Aleš Šteger (1973-) is a Slovenian (Slovene?) poet, only one of whose books has been translated and published in English (Knjiga Stvari/The Book of Things, 2005/2010).
Although the translator, Brian Henry, calls him one of Central Europe's most essential literary figures, I have never heard of this poet before today, when I picked up The Book of Things at the library.
"The poet's perspective" in these poems, writes Henry, "omniscient yet intimate, detached yet obsessive, allows him to delve into the prehistory and parallel lives of things, as when he muses on the growth rings visible in the wood of a chair, full of the noises of centuries. Or when he transforms the dimenstions of a package from centimeters to gazes, solitudes, and obsessions. Or when he views a cork as a liminal object, marking the divide between memory and oblivion."
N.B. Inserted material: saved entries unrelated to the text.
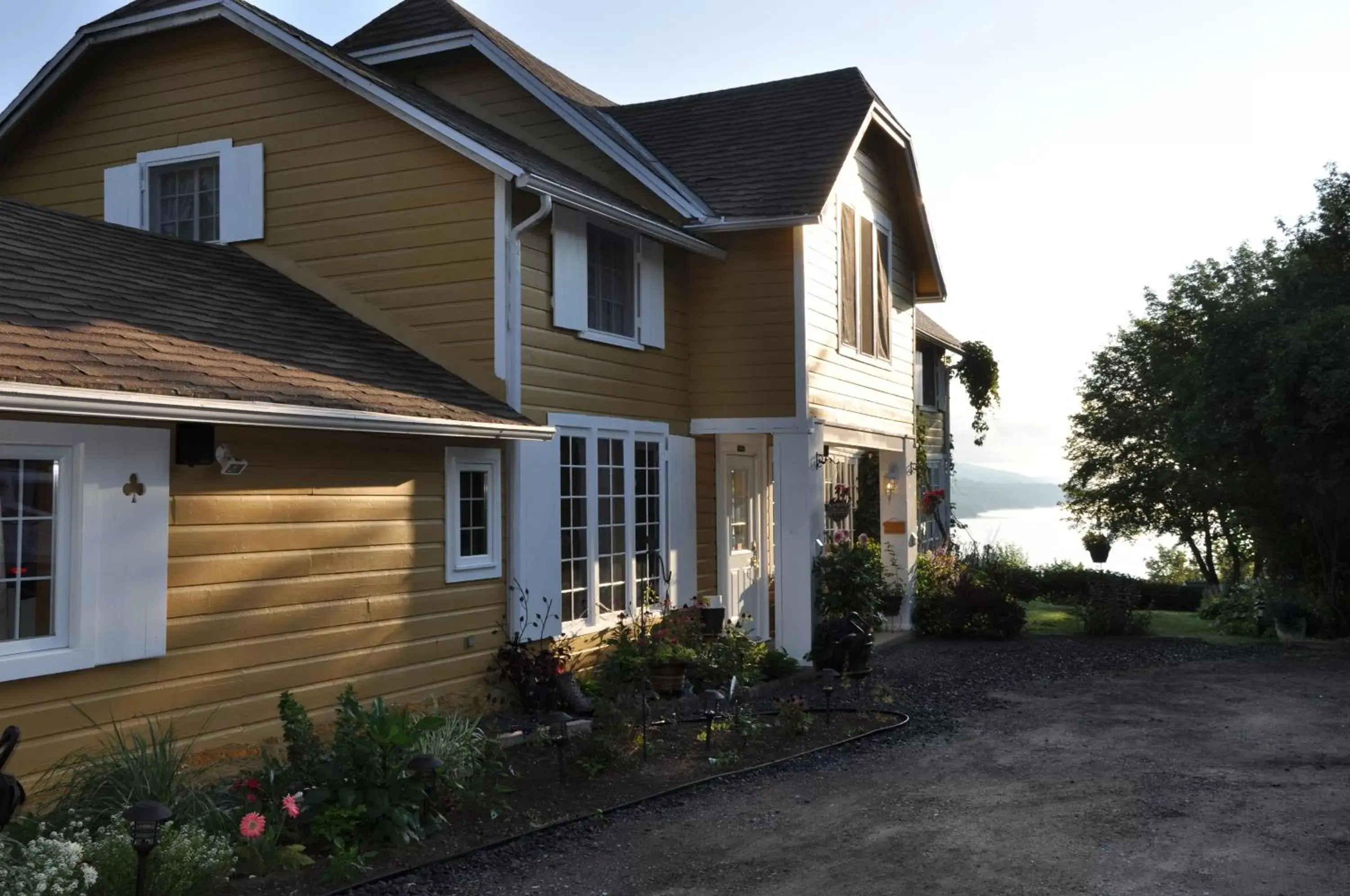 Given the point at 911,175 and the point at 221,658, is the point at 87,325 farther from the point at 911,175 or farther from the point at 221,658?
the point at 911,175

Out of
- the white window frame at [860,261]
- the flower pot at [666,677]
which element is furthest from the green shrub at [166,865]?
the white window frame at [860,261]

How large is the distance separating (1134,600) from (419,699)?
40.0 feet

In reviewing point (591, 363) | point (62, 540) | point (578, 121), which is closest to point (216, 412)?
point (62, 540)

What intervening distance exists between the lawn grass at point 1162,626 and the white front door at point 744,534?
15.9ft

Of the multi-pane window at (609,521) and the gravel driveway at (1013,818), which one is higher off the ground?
the multi-pane window at (609,521)

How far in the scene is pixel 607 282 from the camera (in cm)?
1231

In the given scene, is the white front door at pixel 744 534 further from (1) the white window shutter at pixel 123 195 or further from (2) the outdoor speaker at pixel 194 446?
(2) the outdoor speaker at pixel 194 446

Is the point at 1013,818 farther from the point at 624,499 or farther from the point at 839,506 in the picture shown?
the point at 839,506

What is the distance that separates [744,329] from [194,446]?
23.4 feet

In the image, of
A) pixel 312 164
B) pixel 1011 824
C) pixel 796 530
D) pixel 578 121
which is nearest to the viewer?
pixel 1011 824

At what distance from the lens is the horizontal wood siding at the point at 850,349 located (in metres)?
13.6

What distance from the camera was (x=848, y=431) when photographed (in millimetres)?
14844

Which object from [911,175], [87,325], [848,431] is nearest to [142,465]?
[87,325]

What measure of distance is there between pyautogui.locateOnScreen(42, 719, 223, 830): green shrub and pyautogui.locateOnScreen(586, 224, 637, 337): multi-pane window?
611 cm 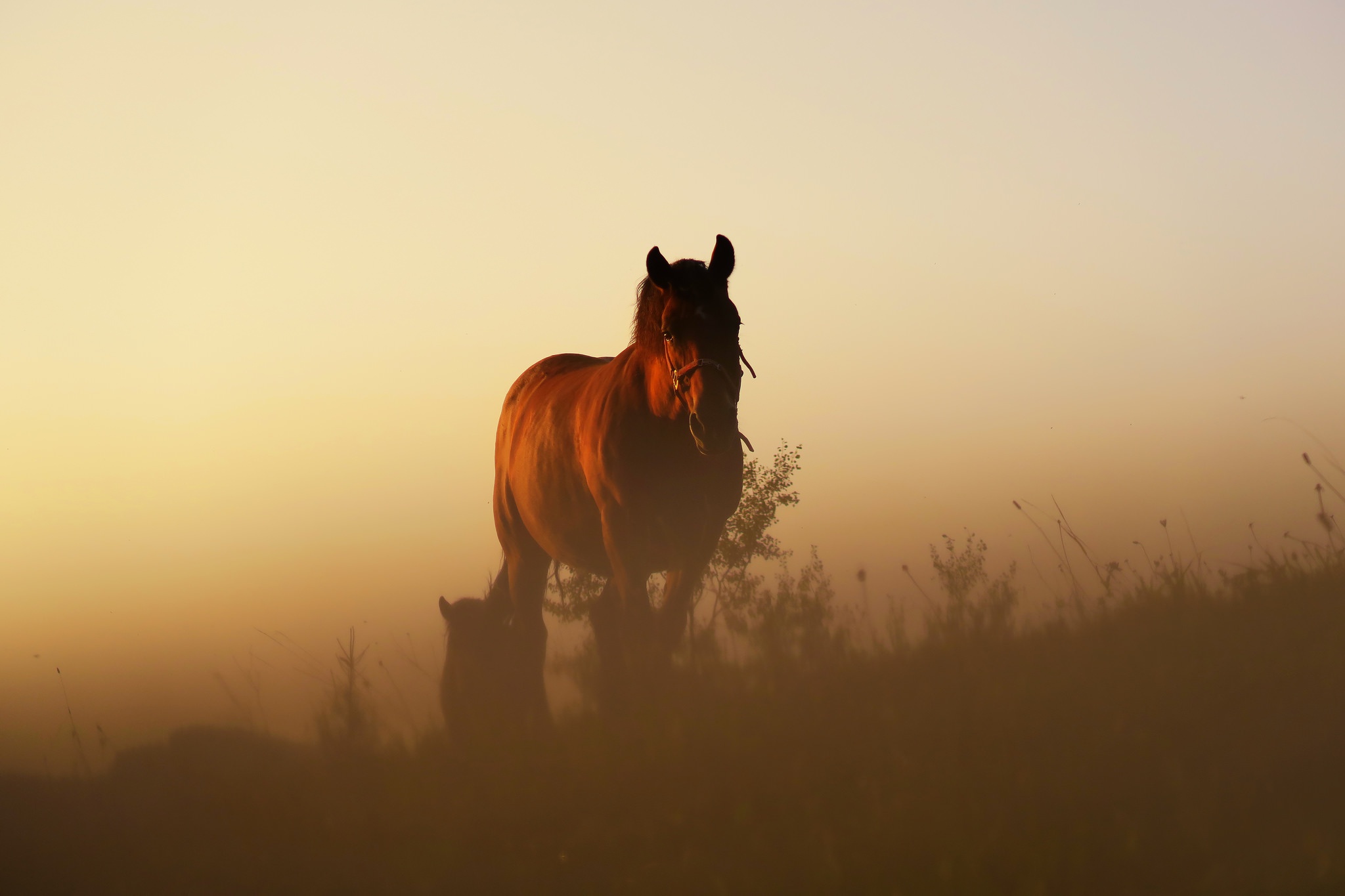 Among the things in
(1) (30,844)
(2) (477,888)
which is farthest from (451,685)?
(2) (477,888)

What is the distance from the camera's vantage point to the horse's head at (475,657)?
323 inches

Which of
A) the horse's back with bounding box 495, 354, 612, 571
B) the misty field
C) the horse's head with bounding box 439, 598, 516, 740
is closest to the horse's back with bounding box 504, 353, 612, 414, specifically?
the horse's back with bounding box 495, 354, 612, 571

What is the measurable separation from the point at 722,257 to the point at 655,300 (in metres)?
0.54

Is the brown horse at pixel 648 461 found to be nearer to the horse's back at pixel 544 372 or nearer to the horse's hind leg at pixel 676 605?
the horse's hind leg at pixel 676 605

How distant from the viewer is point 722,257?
18.3 feet

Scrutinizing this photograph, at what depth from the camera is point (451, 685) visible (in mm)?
8477

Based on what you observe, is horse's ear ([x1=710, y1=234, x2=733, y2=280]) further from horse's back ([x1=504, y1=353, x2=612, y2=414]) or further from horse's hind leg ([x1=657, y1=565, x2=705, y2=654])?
horse's back ([x1=504, y1=353, x2=612, y2=414])

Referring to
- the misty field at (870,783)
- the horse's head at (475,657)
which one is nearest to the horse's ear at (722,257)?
the misty field at (870,783)

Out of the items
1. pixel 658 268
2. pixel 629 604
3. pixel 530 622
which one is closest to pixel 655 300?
pixel 658 268

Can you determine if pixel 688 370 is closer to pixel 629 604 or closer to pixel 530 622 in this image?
pixel 629 604

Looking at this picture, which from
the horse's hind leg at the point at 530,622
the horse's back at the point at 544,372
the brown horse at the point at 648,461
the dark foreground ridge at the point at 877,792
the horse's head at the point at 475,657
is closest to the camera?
the dark foreground ridge at the point at 877,792

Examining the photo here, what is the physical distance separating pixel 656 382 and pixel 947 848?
349cm

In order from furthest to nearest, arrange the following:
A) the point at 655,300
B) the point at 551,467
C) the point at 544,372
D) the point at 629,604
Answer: the point at 544,372, the point at 551,467, the point at 629,604, the point at 655,300

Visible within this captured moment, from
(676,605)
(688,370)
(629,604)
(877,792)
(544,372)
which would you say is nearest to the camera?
(877,792) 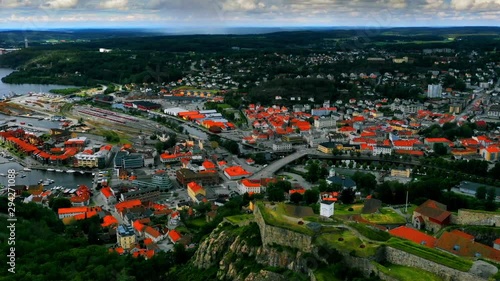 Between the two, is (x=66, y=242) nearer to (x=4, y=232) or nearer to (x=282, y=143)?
(x=4, y=232)

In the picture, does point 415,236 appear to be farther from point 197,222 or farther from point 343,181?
point 343,181

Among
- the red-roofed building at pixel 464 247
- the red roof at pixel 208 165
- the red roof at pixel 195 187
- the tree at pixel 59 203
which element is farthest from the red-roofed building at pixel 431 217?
the tree at pixel 59 203

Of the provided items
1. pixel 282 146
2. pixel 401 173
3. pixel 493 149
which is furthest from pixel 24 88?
pixel 493 149

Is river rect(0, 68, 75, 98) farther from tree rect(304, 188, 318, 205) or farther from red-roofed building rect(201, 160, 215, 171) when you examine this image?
tree rect(304, 188, 318, 205)

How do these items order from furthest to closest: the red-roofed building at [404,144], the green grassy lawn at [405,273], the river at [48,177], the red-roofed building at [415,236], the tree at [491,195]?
the red-roofed building at [404,144] → the river at [48,177] → the tree at [491,195] → the red-roofed building at [415,236] → the green grassy lawn at [405,273]

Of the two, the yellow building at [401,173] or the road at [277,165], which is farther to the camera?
the road at [277,165]

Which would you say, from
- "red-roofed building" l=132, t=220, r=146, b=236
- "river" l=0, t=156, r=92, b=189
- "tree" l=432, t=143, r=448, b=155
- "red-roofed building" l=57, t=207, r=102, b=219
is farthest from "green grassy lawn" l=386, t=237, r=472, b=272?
"tree" l=432, t=143, r=448, b=155

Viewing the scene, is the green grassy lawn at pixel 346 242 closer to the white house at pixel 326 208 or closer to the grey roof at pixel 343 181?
the white house at pixel 326 208

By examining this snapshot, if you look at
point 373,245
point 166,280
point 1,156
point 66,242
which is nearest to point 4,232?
point 66,242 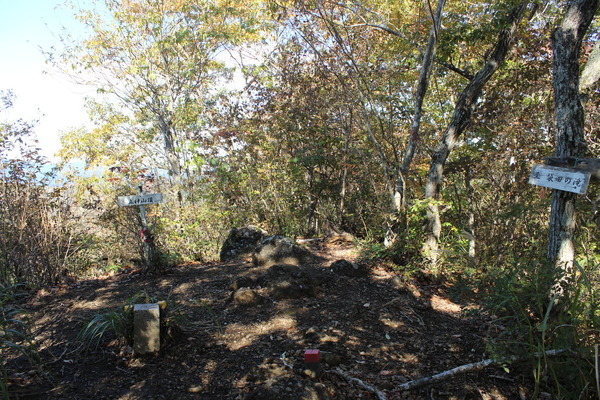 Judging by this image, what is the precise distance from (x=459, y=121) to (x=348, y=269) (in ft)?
7.41

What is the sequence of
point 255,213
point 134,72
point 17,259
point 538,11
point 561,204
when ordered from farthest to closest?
point 134,72
point 255,213
point 538,11
point 17,259
point 561,204

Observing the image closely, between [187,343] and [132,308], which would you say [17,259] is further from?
[187,343]

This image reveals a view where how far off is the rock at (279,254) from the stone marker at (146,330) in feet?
7.85

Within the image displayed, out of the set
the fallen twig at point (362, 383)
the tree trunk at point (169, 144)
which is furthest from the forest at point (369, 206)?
the tree trunk at point (169, 144)

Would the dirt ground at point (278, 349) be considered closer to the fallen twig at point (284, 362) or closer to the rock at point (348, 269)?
the fallen twig at point (284, 362)

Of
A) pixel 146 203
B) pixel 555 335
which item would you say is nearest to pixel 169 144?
pixel 146 203

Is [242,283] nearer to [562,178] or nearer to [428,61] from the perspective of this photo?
[562,178]

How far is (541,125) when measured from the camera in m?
5.35

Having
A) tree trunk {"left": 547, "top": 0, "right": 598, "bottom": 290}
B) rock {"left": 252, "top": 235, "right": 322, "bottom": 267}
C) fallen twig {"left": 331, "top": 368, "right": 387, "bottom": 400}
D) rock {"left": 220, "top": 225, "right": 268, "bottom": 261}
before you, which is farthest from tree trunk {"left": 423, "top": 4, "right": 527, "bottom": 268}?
rock {"left": 220, "top": 225, "right": 268, "bottom": 261}

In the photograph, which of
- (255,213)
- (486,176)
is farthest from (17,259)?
(486,176)

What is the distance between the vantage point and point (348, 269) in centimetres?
472

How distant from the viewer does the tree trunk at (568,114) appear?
2916mm

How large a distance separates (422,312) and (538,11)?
4335 millimetres

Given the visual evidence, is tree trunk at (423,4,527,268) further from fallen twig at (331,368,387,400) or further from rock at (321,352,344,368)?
fallen twig at (331,368,387,400)
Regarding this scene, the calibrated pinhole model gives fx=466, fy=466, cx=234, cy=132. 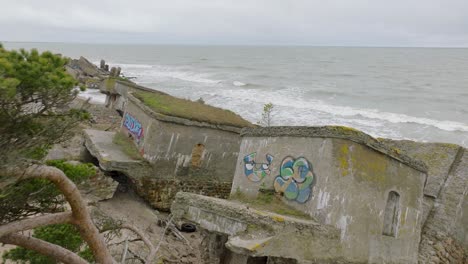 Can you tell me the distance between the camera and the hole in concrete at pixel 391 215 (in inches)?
484

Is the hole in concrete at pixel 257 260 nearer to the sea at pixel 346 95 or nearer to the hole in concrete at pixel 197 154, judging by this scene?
the hole in concrete at pixel 197 154

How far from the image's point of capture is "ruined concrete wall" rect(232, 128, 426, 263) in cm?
1122

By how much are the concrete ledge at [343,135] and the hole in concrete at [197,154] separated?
4.67m

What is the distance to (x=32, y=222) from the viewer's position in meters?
7.43

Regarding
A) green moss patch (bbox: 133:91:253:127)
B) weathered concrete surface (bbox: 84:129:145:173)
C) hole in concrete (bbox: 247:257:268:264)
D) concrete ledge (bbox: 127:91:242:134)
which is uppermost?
green moss patch (bbox: 133:91:253:127)

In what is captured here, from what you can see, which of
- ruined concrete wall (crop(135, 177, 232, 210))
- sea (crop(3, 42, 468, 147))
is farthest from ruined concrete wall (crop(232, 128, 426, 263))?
sea (crop(3, 42, 468, 147))

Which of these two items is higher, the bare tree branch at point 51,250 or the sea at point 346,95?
the sea at point 346,95

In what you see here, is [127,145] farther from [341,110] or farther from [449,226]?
[341,110]

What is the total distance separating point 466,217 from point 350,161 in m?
5.91

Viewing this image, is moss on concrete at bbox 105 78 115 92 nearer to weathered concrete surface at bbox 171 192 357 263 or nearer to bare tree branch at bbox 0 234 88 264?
weathered concrete surface at bbox 171 192 357 263

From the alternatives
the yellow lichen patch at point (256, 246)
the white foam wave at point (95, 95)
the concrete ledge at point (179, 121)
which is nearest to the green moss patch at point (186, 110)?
the concrete ledge at point (179, 121)

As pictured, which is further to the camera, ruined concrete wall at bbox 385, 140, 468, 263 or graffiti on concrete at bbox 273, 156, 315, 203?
ruined concrete wall at bbox 385, 140, 468, 263

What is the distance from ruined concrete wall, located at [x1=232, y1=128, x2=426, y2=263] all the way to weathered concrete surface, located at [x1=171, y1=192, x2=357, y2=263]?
1.50ft

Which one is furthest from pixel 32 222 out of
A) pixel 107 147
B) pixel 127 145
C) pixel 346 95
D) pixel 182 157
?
pixel 346 95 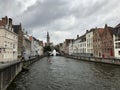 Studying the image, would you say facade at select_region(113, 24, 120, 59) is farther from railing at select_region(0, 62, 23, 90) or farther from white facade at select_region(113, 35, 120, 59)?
railing at select_region(0, 62, 23, 90)

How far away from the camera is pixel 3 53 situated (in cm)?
4156

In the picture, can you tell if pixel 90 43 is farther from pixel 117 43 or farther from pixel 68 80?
pixel 68 80

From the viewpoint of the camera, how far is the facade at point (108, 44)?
5612 centimetres

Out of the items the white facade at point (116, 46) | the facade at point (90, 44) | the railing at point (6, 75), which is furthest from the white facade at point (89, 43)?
the railing at point (6, 75)

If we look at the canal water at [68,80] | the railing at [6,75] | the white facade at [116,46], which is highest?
the white facade at [116,46]

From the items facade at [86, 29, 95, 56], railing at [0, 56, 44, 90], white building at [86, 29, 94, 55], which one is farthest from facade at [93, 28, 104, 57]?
railing at [0, 56, 44, 90]

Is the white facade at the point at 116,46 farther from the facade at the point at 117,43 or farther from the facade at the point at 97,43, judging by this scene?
the facade at the point at 97,43

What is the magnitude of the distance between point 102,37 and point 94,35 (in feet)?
31.9

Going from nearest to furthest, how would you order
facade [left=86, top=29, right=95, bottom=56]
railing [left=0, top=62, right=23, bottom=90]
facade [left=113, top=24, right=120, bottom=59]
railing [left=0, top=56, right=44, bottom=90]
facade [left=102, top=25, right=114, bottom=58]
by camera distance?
railing [left=0, top=62, right=23, bottom=90], railing [left=0, top=56, right=44, bottom=90], facade [left=113, top=24, right=120, bottom=59], facade [left=102, top=25, right=114, bottom=58], facade [left=86, top=29, right=95, bottom=56]

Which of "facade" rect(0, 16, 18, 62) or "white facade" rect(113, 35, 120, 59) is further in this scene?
"white facade" rect(113, 35, 120, 59)

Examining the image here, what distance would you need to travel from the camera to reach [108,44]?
59.0m

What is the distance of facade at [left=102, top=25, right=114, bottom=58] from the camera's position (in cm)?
5612

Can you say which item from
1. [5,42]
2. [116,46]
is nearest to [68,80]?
[5,42]

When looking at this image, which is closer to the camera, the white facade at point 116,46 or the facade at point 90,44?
the white facade at point 116,46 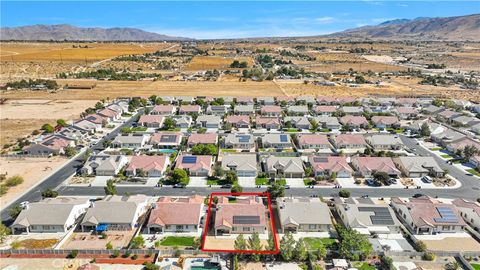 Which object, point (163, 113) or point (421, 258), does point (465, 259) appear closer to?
point (421, 258)

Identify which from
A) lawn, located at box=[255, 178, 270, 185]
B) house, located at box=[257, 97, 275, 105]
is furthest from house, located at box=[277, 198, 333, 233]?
house, located at box=[257, 97, 275, 105]

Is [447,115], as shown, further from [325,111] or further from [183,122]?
[183,122]

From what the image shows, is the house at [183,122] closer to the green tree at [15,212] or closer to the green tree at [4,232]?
the green tree at [15,212]

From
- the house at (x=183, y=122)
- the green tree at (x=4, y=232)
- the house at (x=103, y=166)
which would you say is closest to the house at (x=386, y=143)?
the house at (x=183, y=122)

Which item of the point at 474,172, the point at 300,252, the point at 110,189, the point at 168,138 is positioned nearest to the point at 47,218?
the point at 110,189

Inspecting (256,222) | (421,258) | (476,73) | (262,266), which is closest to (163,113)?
(256,222) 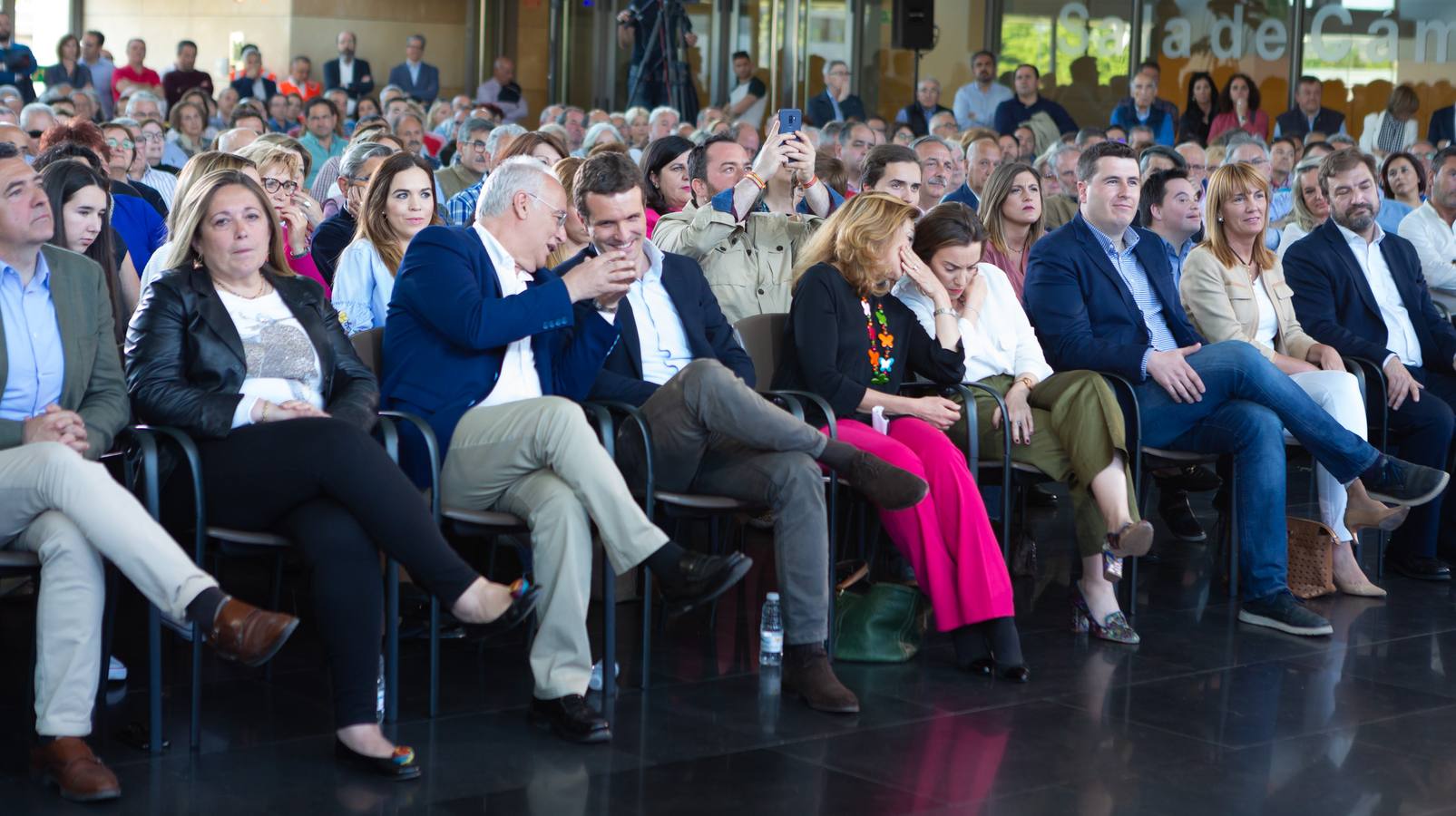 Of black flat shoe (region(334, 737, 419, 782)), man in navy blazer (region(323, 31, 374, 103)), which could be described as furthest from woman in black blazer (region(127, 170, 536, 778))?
man in navy blazer (region(323, 31, 374, 103))

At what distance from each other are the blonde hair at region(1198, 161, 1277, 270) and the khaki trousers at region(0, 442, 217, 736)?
11.7ft

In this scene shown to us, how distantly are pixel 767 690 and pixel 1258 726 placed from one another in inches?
44.1

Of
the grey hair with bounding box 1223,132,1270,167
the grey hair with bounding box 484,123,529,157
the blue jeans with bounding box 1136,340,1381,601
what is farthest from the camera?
the grey hair with bounding box 1223,132,1270,167

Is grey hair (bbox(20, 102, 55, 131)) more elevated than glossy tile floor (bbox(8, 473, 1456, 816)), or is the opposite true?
grey hair (bbox(20, 102, 55, 131))

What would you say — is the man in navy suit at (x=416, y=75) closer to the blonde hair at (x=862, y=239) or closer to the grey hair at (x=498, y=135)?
the grey hair at (x=498, y=135)

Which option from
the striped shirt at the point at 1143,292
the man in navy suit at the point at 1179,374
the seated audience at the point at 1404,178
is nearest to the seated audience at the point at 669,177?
the man in navy suit at the point at 1179,374

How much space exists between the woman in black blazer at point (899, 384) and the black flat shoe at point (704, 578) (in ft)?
2.32

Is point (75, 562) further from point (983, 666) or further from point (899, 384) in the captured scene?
point (899, 384)

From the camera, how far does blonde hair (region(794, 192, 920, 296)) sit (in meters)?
4.55

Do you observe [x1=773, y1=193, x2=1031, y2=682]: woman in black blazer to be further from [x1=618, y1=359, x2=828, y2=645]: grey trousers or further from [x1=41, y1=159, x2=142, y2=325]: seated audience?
[x1=41, y1=159, x2=142, y2=325]: seated audience

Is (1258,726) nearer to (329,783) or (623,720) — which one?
(623,720)

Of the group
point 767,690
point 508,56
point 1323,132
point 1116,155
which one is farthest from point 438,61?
point 767,690

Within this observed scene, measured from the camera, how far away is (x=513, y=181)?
4.06 m

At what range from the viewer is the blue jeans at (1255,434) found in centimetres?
483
Perhaps unsurprisingly, given the philosophical and largely intellectual/intellectualized subject matter and tone of his poems, I did not altogether enjoy this slim volume, although I was glad to learn of this poet's existence. In comparison with Donald Hall, whom I'm reading in parallel (or even with Imants Ziedonis), Šteger's poetry comes across as dry, unemotional and exercise-like.
...
The only poem I can say I unconditionally adored was entitled Sea Horse:
Creatures of liquid light, vagabonds of underwater currents,
Students of belly dancing, the ocean's brides loyal to his moods.
With their final breath, forgotten Phoenician gods
Inflated glassy bodies that shine like empty clepsydrae.
Tails wrap playfully around the mesh in fishing nets,
The tiny wings' fluttering sketches pillows of eternity in the restless sleep of the drowned.
They are princes of confidence. And when the female spawns eggs into the male
So that he bears them and gives birth, they are the social democratic ideal of reproduction.
Too fragile for guilt, but noticeable enough
That the jealous eye of the blue mussel thinks of beauty and love.
Among the shadows of people, sea horse bodies dry,
Lose translucence, become rough and blunt.
Between two fingers you crush them, beauty and love,
Into what is not beautiful and what (you don't remember when) stopped loving.